Лишь только духовенство, сияя ризами, вступило на ковры, гости бросились под благословение к долгобородому архиерею. Тот благословлял всех наотмашь, приговаривая:

— Изрядно хорошо, — и совал для лобызанья кукиш.

Возле архиерея лебезили, потирая руки и кланяясь в пояс, осанистый купец в енотке и его жена долгобородая купчиха со шлейфом и под зонтиком — хозяева.

— Пожалуйте, ваше просвященство, к самоварчику. Отцы крутопопы, отцы дьяволы… Ваши окаянства! Милости просим от трудов наших праведных…

Когда архиерей, благословив блины и питие, стал садиться, из-под него выдернули стул. Митра покатилась, архиерей кувырнулся, задрав вверх ноги, и заругался матерно.

Настя смеялась, колокола трезвонили во-всю, огромные костры весело пылали, распространяя тепло и свет, а трупы удавленных смотрели с виселиц обледенелыми глазами.

Настя побежала домой — не ограбили бы хулиганы, а когда вернулась — горы блинов были с'едены, вино выпито и вынесенная на улицу купеческая гостиная, вся в цветах, коврах, мебели, оглашалась дружным ревом: духовенство соборне служило молебен.

На рояли стояло кресло, в кресле высоко восседал в ризах пьяный поп, держащий под пазухой четверть водки. Лохматый протодьякон выхватил изо рта трубку и по-медвежьи взвыл:

— Завой-ка глас шесты-ы-ый!..

Архиерей, воздев руки и, с трепетом взирая на сидящего угодника, елейно залился:

— Приподобный отче попче, угости винишком на-а-а-с…

Четыре дьякона возженными кадильницами чинно кадили угоднику, гостям, толпе зевак. Гости крестились кукишами, некоторые стояли на коленях, в толпе плевались, слышались недружелюбные выкрики и ругань.

Но все это тонуло в ответном благочестивом реве глоток:

— Приподобный отче попче, угости винишком на-а-а-с!..

Срамных сидел за роялем, как лесовик, он со всей силы брякал в клавиши двумя пятернями враз и дико орал какую-то разбойничью. Рояль гудел и грохотал, дико ревели гости и кадильницы, мерно позвякивая, курили фимиам.

Насте хотелось хохотать и оскорбленно плакать.

— Проклятые!.. Чтоб вас громом разразило… — сквозь слезы твердила она и заливалась хохотом.

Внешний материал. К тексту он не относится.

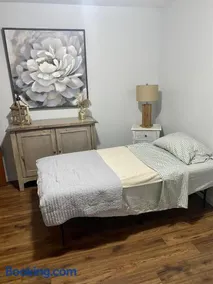 Golden Valley Retreat - Image 2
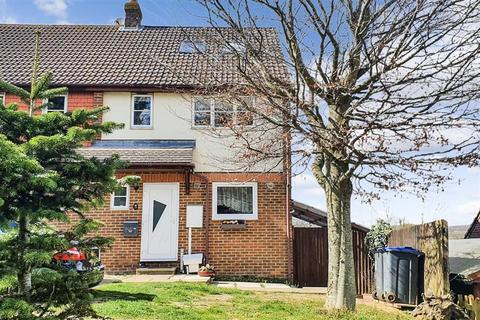 19 Ashdown Field, Chartham, Canterbury, CT4 7LQ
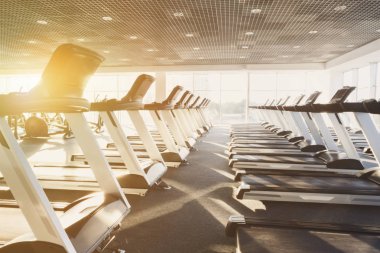 Modern bir spor salonu iç donanımları, fitness kardiyo egzersizi için koşu bandı ile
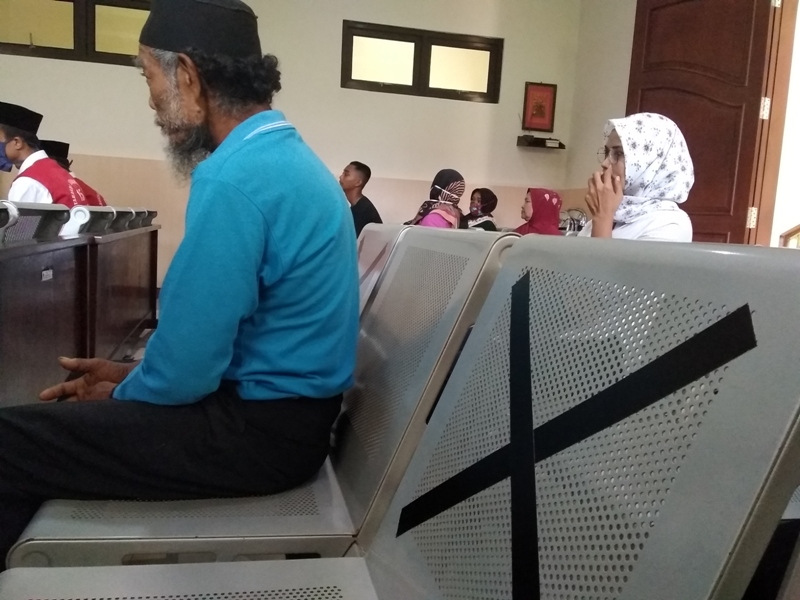 PN Banyumas Terapkan Jaga Jarak Pengunjung Sidang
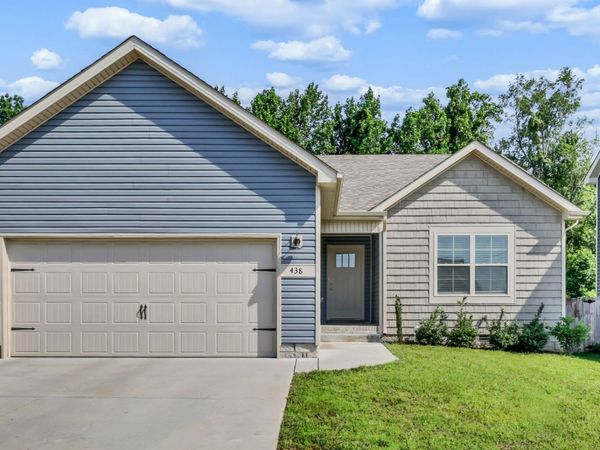438 Mattingly Dr , Clarksville, TN 37042
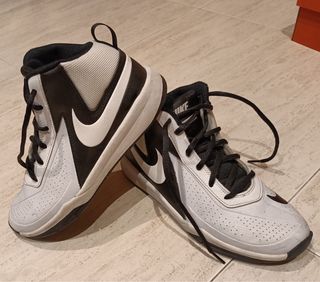 Zapatillas Nike Baloncesto Negras y Blancas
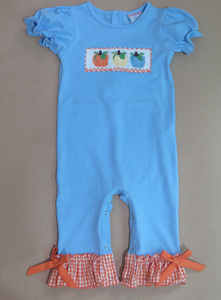 Vestido de Bebé Niña Azul Claro con Bordado de Calabaza - Product Image 4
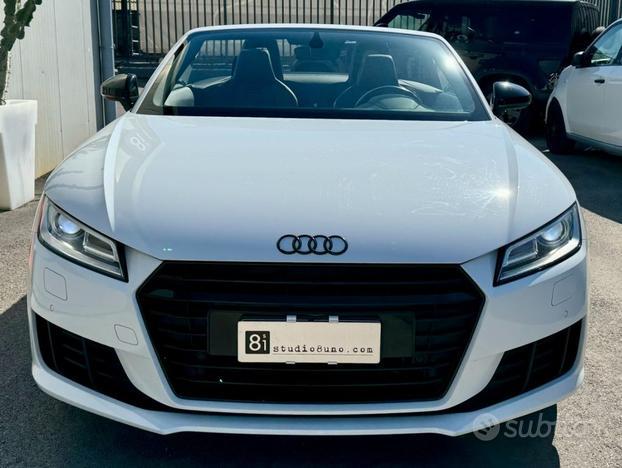 AUDI TT Roadster 2.0 TDI ultra Design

В стороне за столом, совершенно один, всеми забытый и все забывший, сидел, пригорюнившись, Зыков. Он подпер голову рукой и о чем-то думал.

Настя хотела итти домой, но в это время:

— Благочестивые братие и сестры! — козлом проблеял архиерей и замахал руками. — По синодскому приказу сейчас начнется кандибобер!

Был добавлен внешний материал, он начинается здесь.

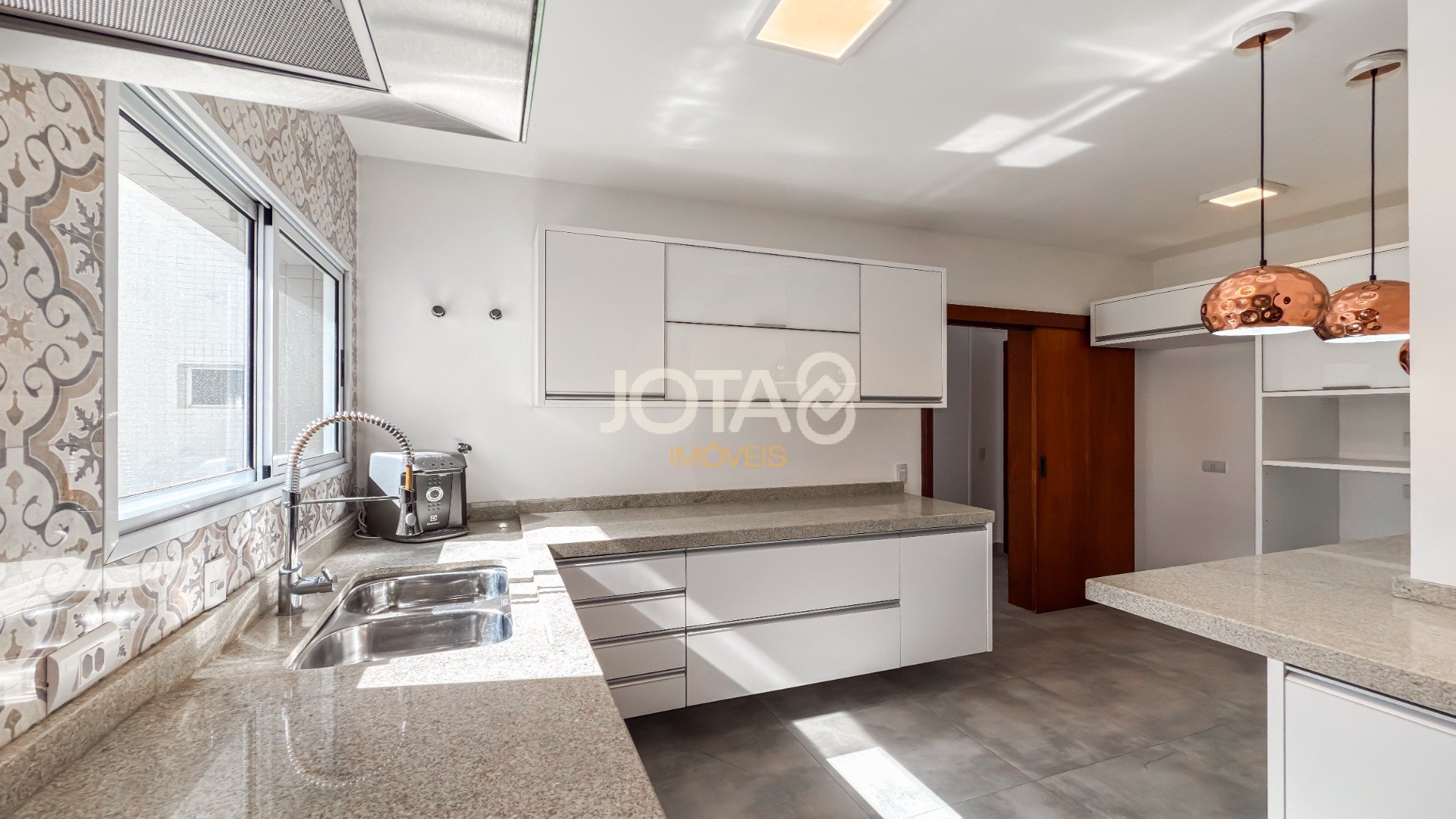 APARTAMENTO 03 QUARTOS , 02 VAGAS E INFRA COMPLETA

Он круто повернулся, поправил митру:

— Рработай!..

И все духовенство — скуфьи, камилавки, парчевые ризы — с азартом, разом накинулось на бородатых купчих. Купчихи, разыгрывая роль, визгливо кричали, бегали вокруг столов, опрокидывали стулья. Попы сладострастно схватывали их, валили на диваны, кровати, ковры и при всем народе делали вид свального греха.

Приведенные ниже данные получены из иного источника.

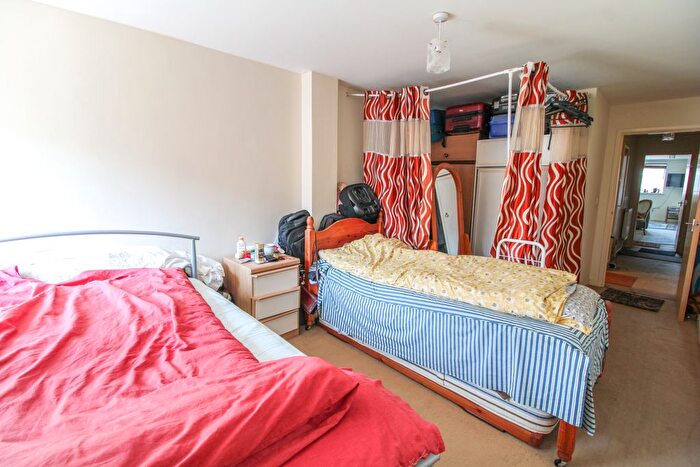 1 Bedroom Flat For Sale In High Street, Cosham, Portsmouth, PO6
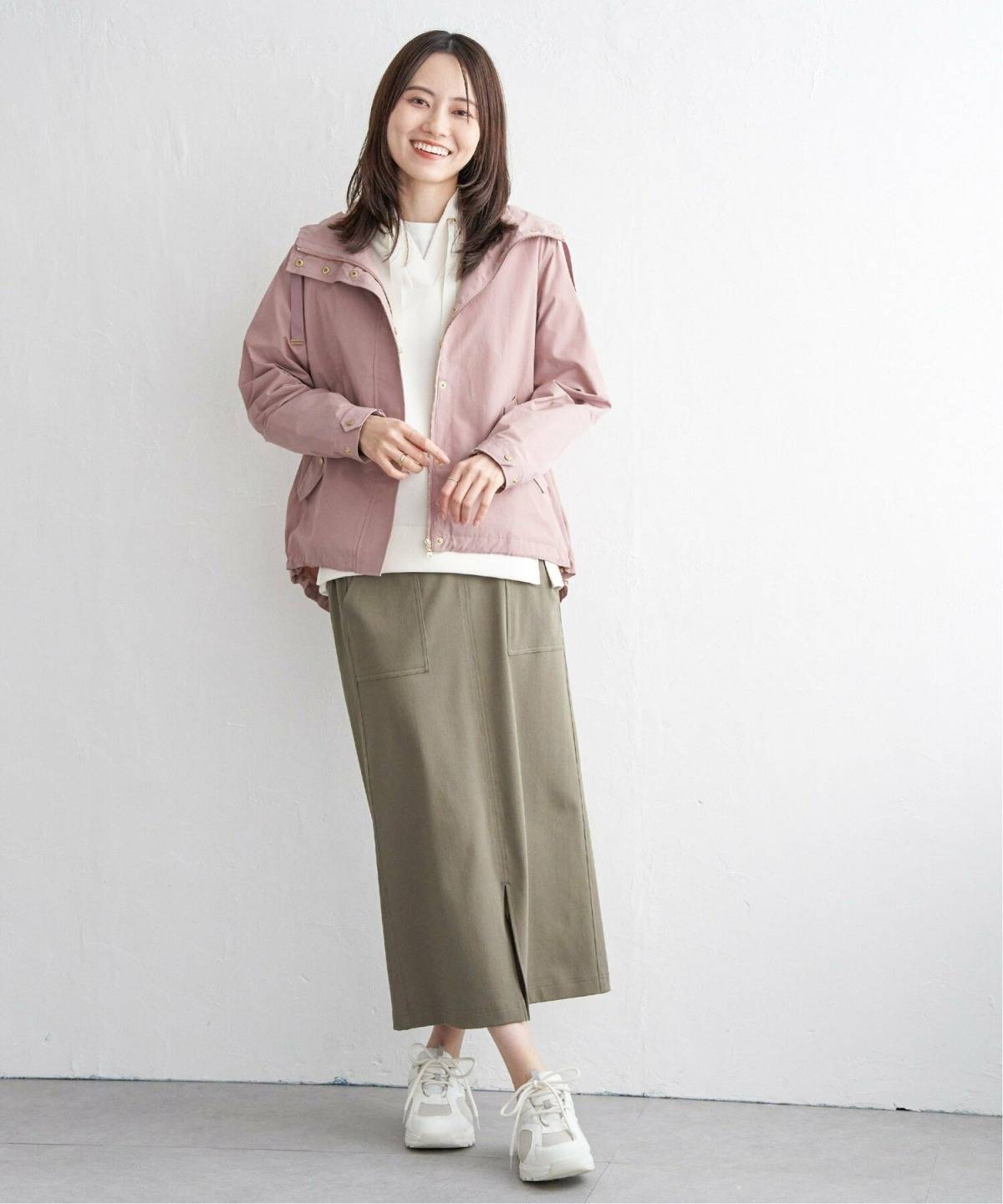 ピンクベージュの服のおすすめコーデ カーキスカート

Тогда сам Зыков плюнул, встал:

— Довольно!!.

Все быстро прекратилось. Только вблизи и подальше озлобленный гудел народ.

И в общем гуле колюче вырывалось:

— Святые иконы! Архиереев!.. Попов! Церкви!.. Тьфу! И не стыдно, Зыков?!.

А из толпы выделился сгорбленный и измызганной нагольной шубе человек, тот самый чахоточный мастеровой, портняга.

Он остановился пред чугунным великаном, как пред кедром сухая жердь:

— Сволочь ты, Зыков! Чума ты!.. Холера ты!.. — сквозь кашель скрипел он надтреснуто и звонко, втянутые щеки вспыхнули румянцем, воспаленные глаза, сверкая, запрыгали.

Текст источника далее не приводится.